Zuleta acabou por ser despedido por Áñez e foi substituído por Valda, que não tem ligações ao Comcipo. Então, podemos verificar que existe uma luta interna no seio da direita sobre quem controla o lítio. E, enquanto isto, o projecto de industrializar o lítio foi abandonado.

OV: Depois de tudo isto, Pumari tem muito apoio popular em Potosí?

RH: Bem, até ao golpe, eles conseguiram ganhar algum apoio no departamento. Mas deu-nos prazer ver como esse apoio depressa desapareceu, pois veio a público muita informação sobre a maneira como os de Pumari estavam a tentar fazer negócios sujos e a tentar lucrar junto do novo governo. Isso deixou muita gente decepcionada e a situação agora mudou. […]

Na Bolívia, hoje, as pessoas, sobretudo os camponeses, são perseguidas. Enquanto isso, a burguesia tem todos os benefícios e privilégios. Esta diferença entre classes é agora muito mais clara.

OV: As pessoas em Uyuni estão a lutar contra a tentativa de privatizar o lítio da Bolívia?

RH: Sim, o povo de Uyuni protestou quando o então director Juan Carlos Zuleta veio fazer uma visita. Fomos até ao aeroporto para o tentar impedir de chegar a Uyuni. Ele teve de se esconder no interior do aeroporto por um bocado e depois saiu pela porta das traseiras, escoltado pela Polícia.

«Na Bolívia, hoje, as pessoas, sobretudo os camponeses, são perseguidas. Enquanto isso, a burguesia tem todos os benefícios e privilégios. Esta diferença entre classes é agora muito mais clara.»

Este tipo de comportamento mostra-nos que o actual governo não quer trabalhar com as organizações sociais de Uyuni, querem impor as coisas à força.

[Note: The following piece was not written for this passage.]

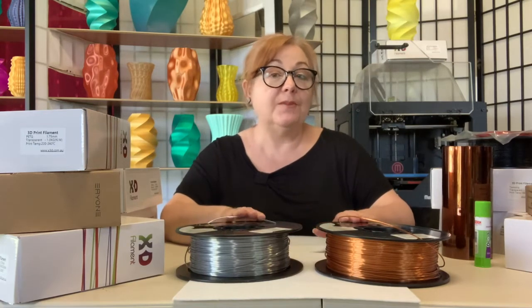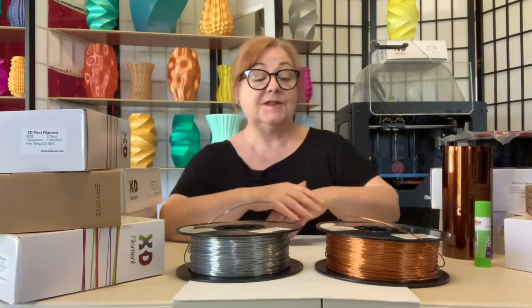Hi, it's Lino and today I'm printing with one of my favorite filaments, X3D's Pro Silk PLA. I love it because it gives even basic models a surface sleekness and shine like no other PLA composite. It's also impact resistant, has low shrinkage, and is biodegradable.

O sindicato que eu lidero sempre se opôs ao que se está a passar e disse «não» às mudanças operadas na empresa estatal YLB. Também as Juntas Vecinales (associações de moradores, de bairros) em Uyuni estão a protestar contra a privatização. Nós sabemos exactamente o que se está a passar. As nossas exigências são: primeiro, a reactivação do projecto de industrialização; segundo, uma lei geral para determinar como uma empresa estatal é gerida.